Mit JUCR ist ein tolles Produkt auf den Markt der Elektromobilität gekommen: Eine günstige Flatrate für das Laden von Elektro-PKW, das fast alle Ladesäulen Europas abdeckt. Nun hat JUCR einer Vielzahl von Kunden fristlos gekündigt. Zu recht?

Marktüberblick – was macht JUCR anders?

Das Laden eines Elektroautos kostet je nach zugrundeliegendem Vertrag und genutzter Ladeinfrastruktur derzeit zwischen 20 ct / kWh und 79 ct / kWh. Je nach Verbrauch sind damit bei gängigen vollelektrischen Fahrzeugen Stromkosten je 100 km von 4,00 € – 9,00 € durchaus üblich, sodass die Kosten mit denen eine Verbrenners mithalten können, oft sogar (deutlich) darunter liegen. Das Wirrwarr von Tarifen und Ladenetzen wollen Flatrates bekämpfen. Die derzeit einzigen bundesweit verfügbaren Angebote sind dabei von elvah und JUCR. Im Angebot von elvah ist sogar das Laden über Tesla-Supercharger möglich, die Kosten werden dann von elvah nach Einreichung beglichen. JUCR ist aber deutlich preiswerter: Derzeit kostet das Laden an AC-Ladesäulen („Langsamladen“) 49,00 € pro Monat, wohingegen für das Laden an AC- und den DC-Schnellladesäulen 99,00 € pro Monat fällig werden. Ein Tesla Model 3 kostet bei elvah hingegen bereits 159,00 €. Während elvah die Flatrate an ein Fahrzeug bindet, ist es bei JUCR anders: Hier dürfen mehrere Fahrzeuge geladen werden, soweit diese nur von einer Person genutzt werden.

Erste AGB-Änderung

Nach einem locker-lässigen Interview eines Investors, der ein recht optimistisches Bild des Geschäftsmodells verbreitete, wurden die kritischen Stimmen gerade in social media lauter: Das klappt doch eh nicht.

Tatsächlich strich JUCR als erstes die Möglichkeit, einer reinen DC-Ladeflatrate für 69,00 € im Monat zu buchen. Die Begründung war fadenscheinig: Das Produkt sei zu komplex und Verbraucher würden nicht verstehen, was das Produkt beinhalte. In Anbetracht des Umstands, dass 80% der E-Fahrer durchaus zu den pfiffigsten 20% der Gesellschaft gehören dürften, war für mich klar: Das Produkt war schlicht nicht wirtschaftlich.

Der zweite Schlag kam dann im November: JUCR passt seine AGB an. Die wesentlichen neuen Passagen lauten:

10.4. JUCR behält sich bei nicht vertragskonformer Nutzung des JUCR-Abonnements das Recht zur sofortigen Vertragskündigung vor.

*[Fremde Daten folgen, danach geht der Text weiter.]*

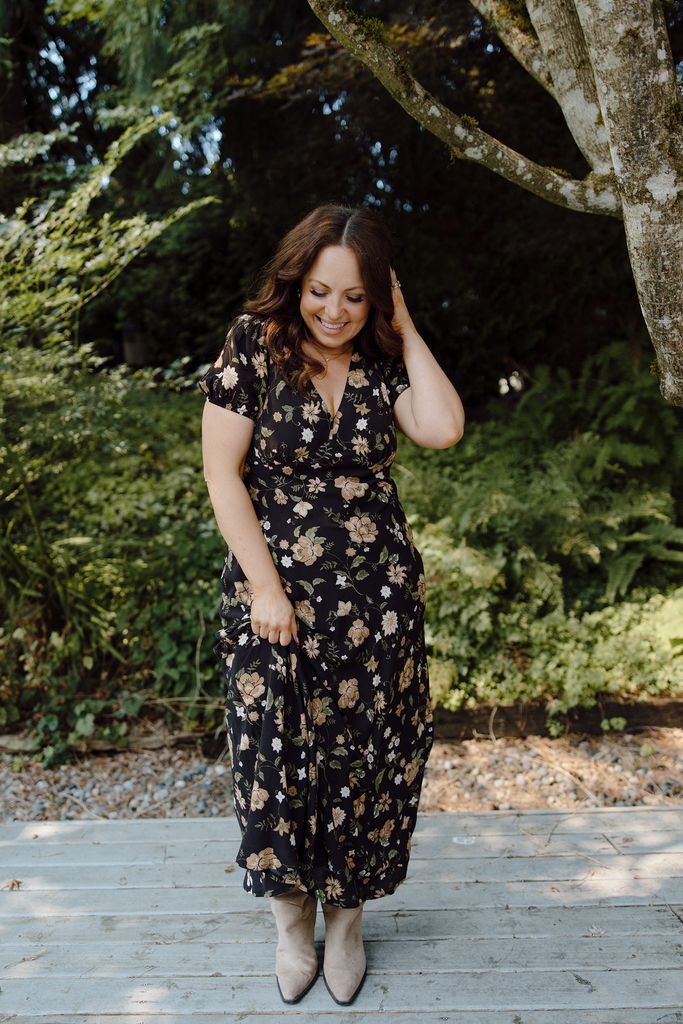 Fall Floral Midi Dress - Black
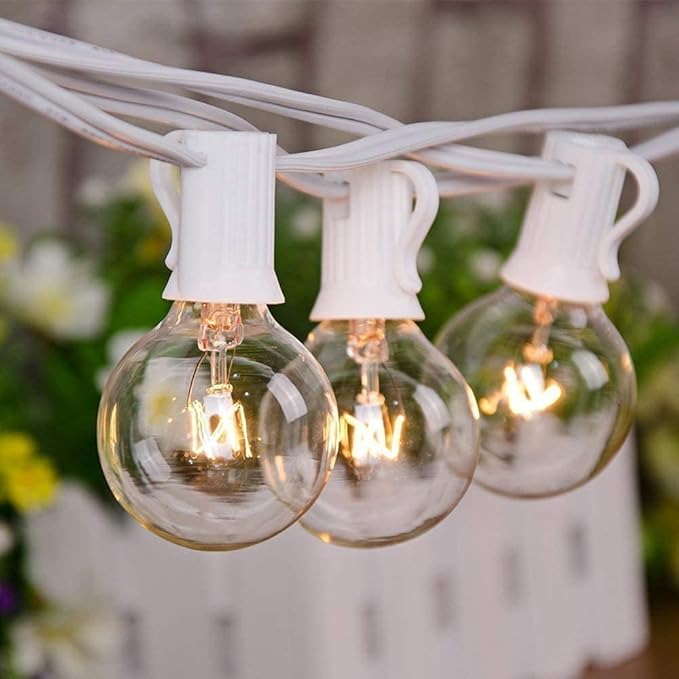 25Ft Outdoor Globe String Lights, G40 Edison String Lights by Konictom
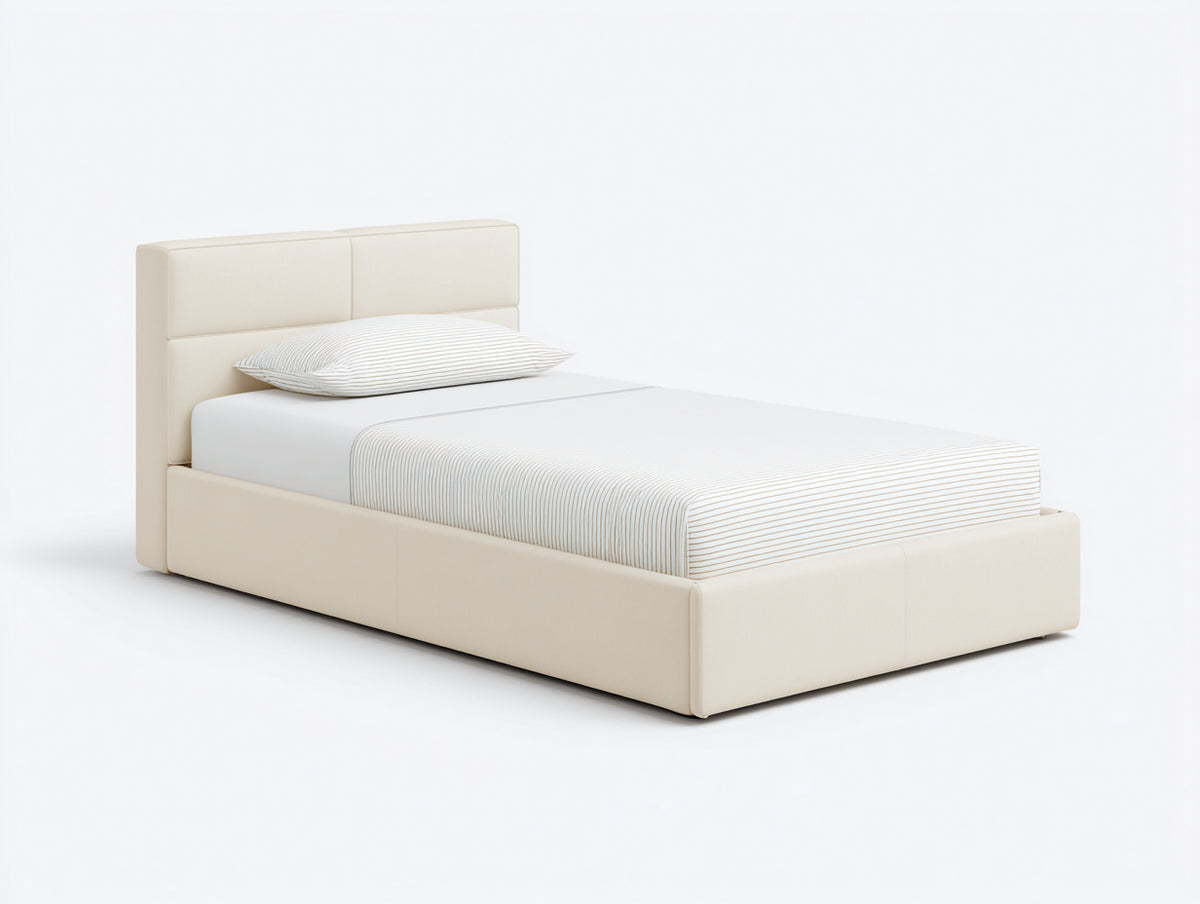 Camas individuales - Estructura de madera y tapizado de tela 200 x 90 x 110 cm - Beige - Diseño moderno con cabecero acolchado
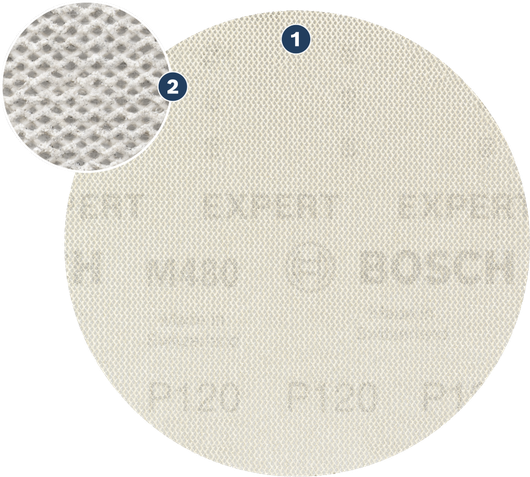 Bosch砂網盤，細磨料表面。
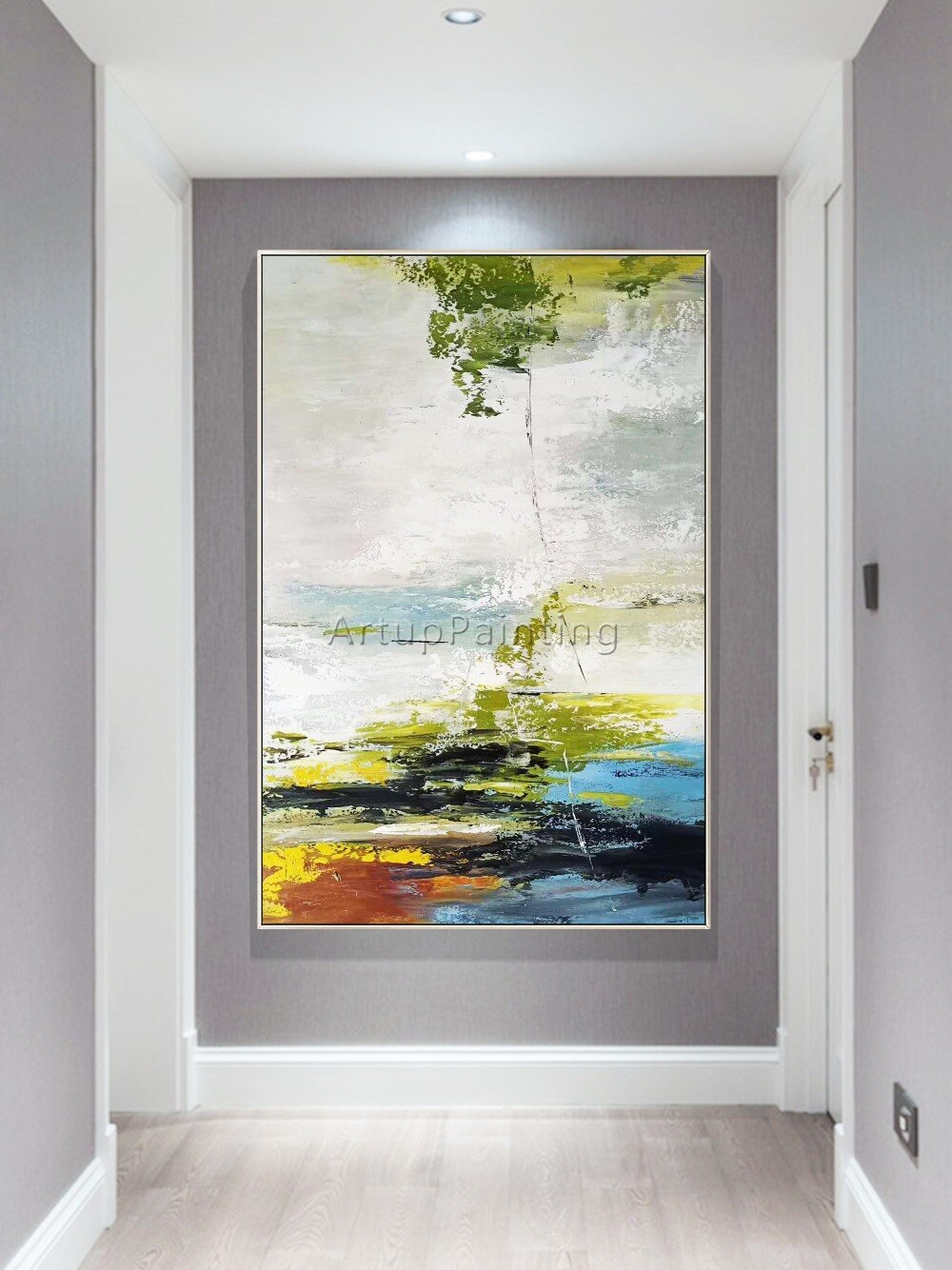 Paisaje abstracto moderno pintado a mano, pintura al &oacute;leo sobre lienzo, arte de pared, imagen, decoraci&oacute;n del hogar para sala de estar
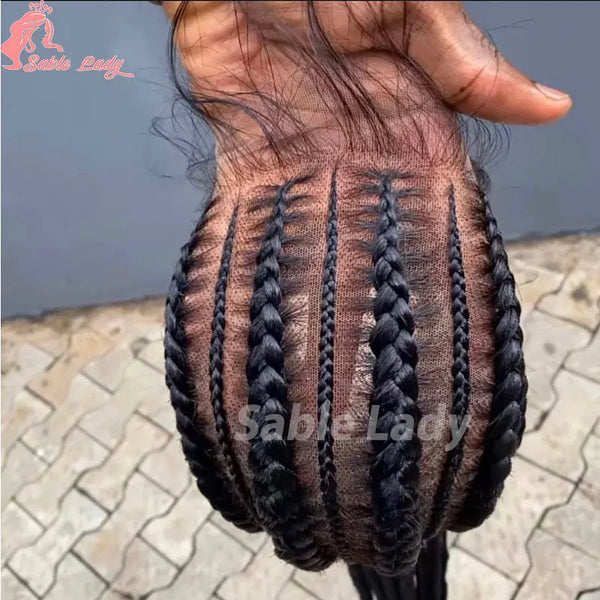 36 Inch Jumbo Braided Wigs Synthetic Knotless Full Lace Braid Wig Knotless Braided Wig Cornrow Plait Braids Wig For Afro Women - Vogue Vista UK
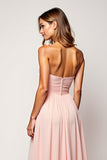 Blush A Line Strapless Ruched Chiffon Tea Length Bridesmaid Dress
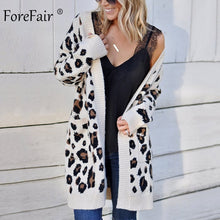 Load image into Gallery viewer, Forefair Oversize Casual Leopard Cardigan Women Kimono 2019 Autumn Plus Size Long Winter Knitted Sweater Female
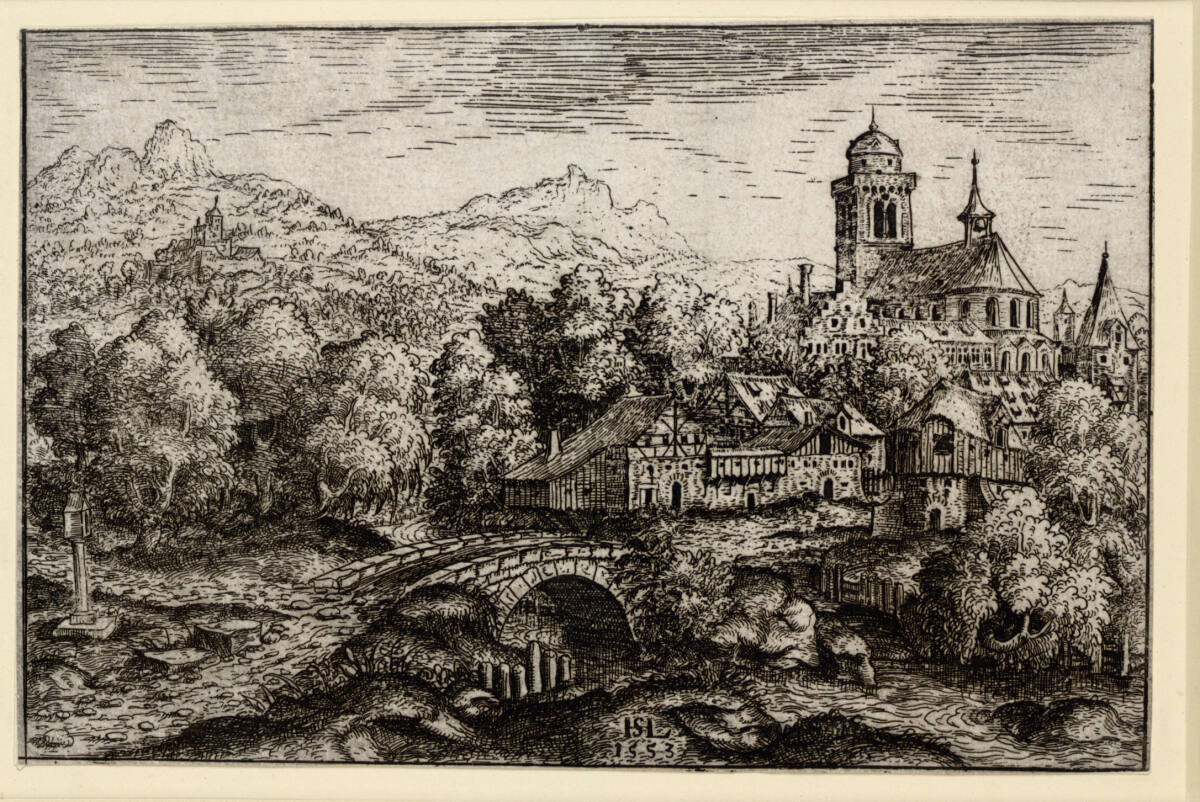 Berglandschaft mit einem Dorf im Mittelgrund, Hans Sebald Lautensack, 1553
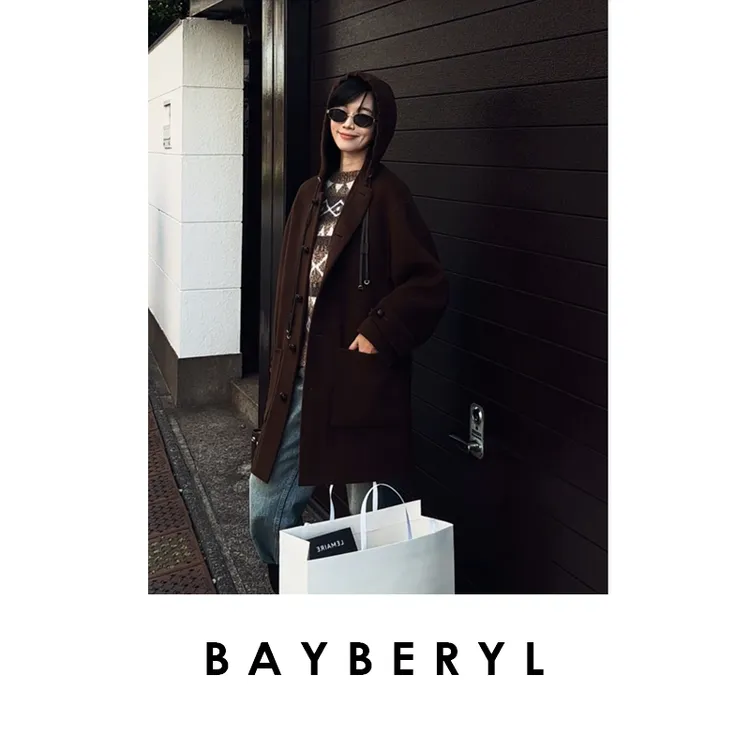  BAYBERYL老贝露威*连帽编织单排扣时髦冬毛呢大衣MF5J2041-11/1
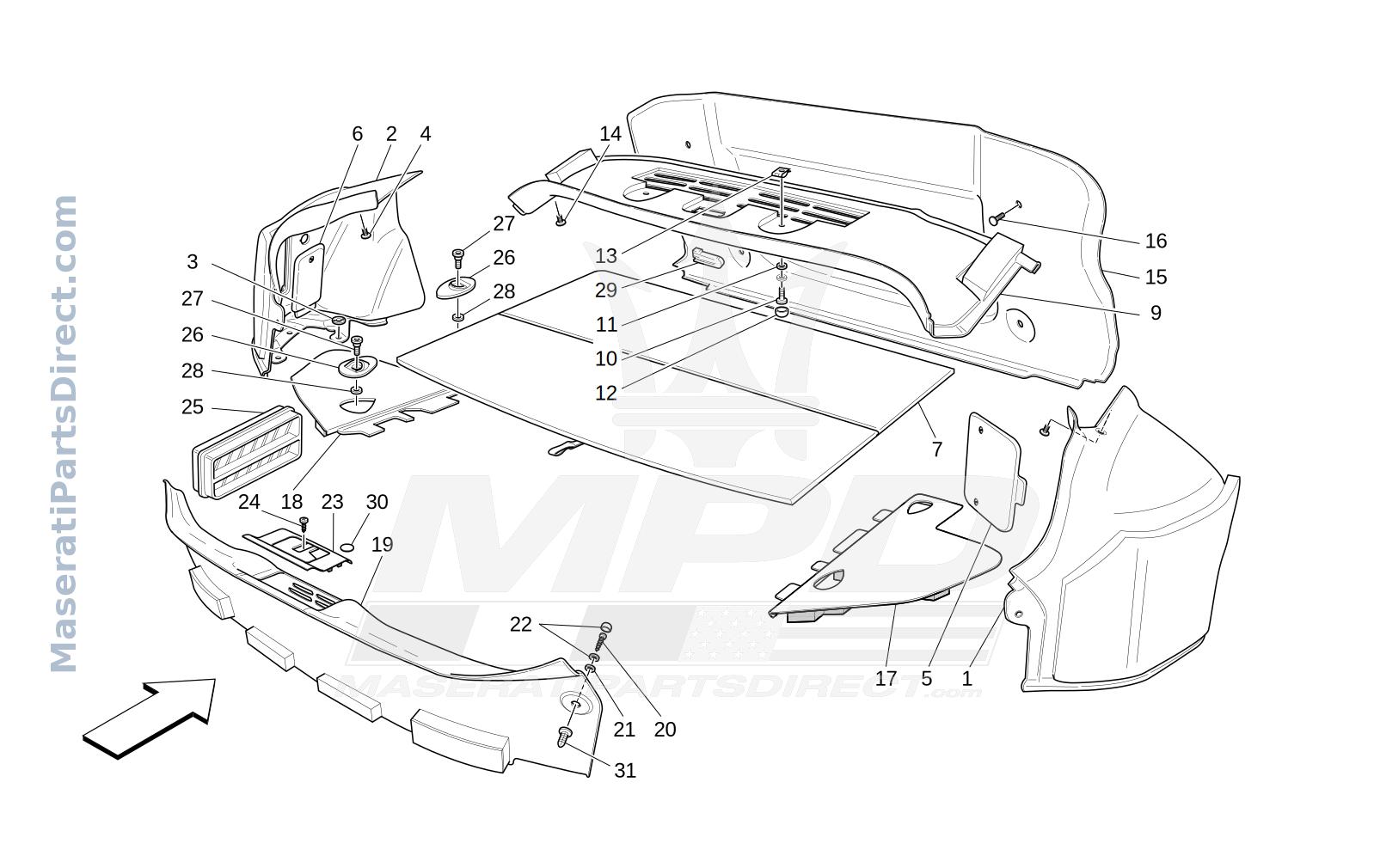 09.61 - 1 - LUGGAGE COMPARTMENT MATS Diagram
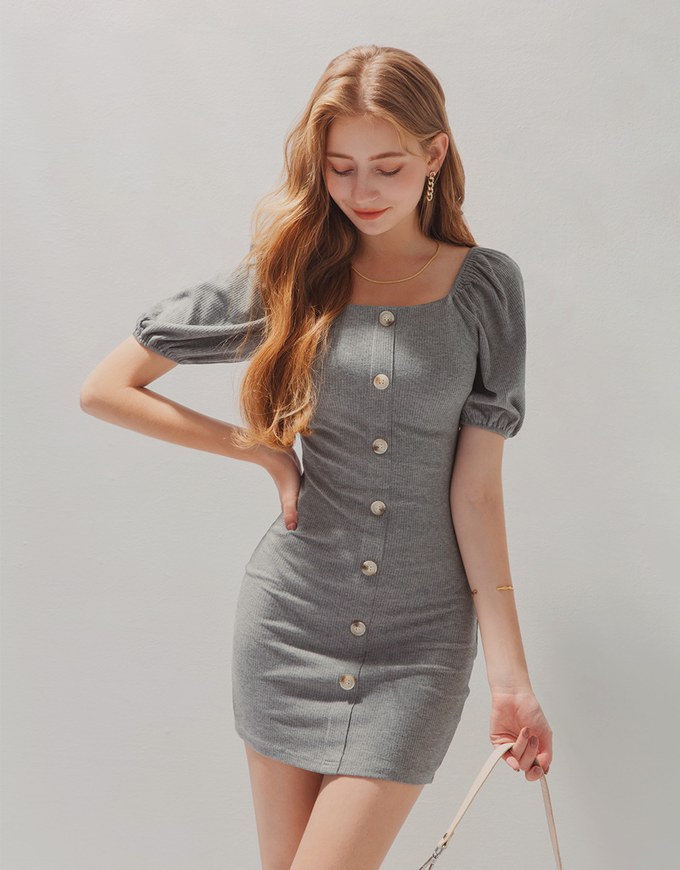 Buttoned shop bodycon dress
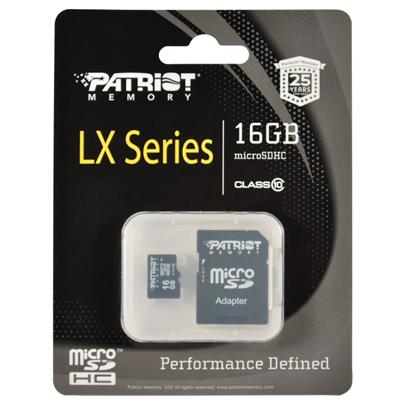 16GB PATRIOT microSDHC + adaptér Class 10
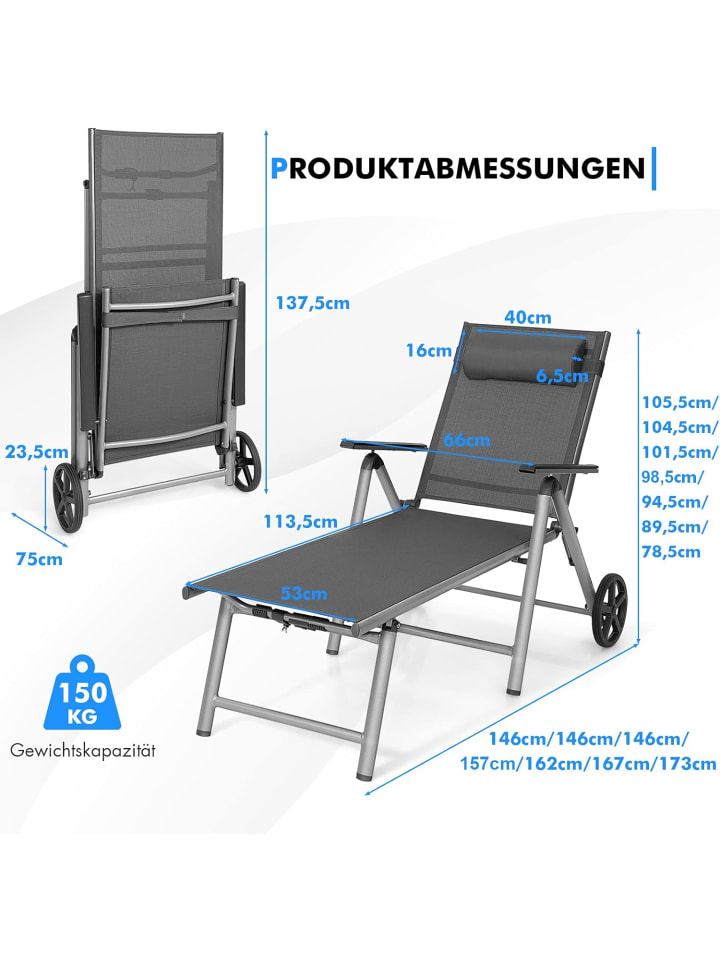 COSTWAY Sonnenliege mit Rollen in Grau günstig kaufen onesize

Ergänzend zu den übrigen Vertragsbedingungen dieser allgemeinen Geschäftsbedingungen gelten als nicht vertragskonforme Nutzung zusätzlich:

a) Fahrzeuge, die in der Regel von Dritten genutzt werden, dürfen nicht geladen werden.

b) Nicht vertragskonform ist ein unverhältnismäßig hoher und unüblicher Ladeumfang. Den Basiswert zur Beurteilung bildet der veröffentlichte Wert zur mittleren Fahrleistung im jeweils aktuellen vom Bundesministerium für Verkehr und digitale Infrastruktur veröffentlichten MiD-Bericht. Ein unverhältnismäßig hoher Ladeumfang entspricht beispielsweise einer monatlich hochgerechneten jährlichen Fahrleistung von über 30.000km pro Jahr und ist damit nicht vertragskonform.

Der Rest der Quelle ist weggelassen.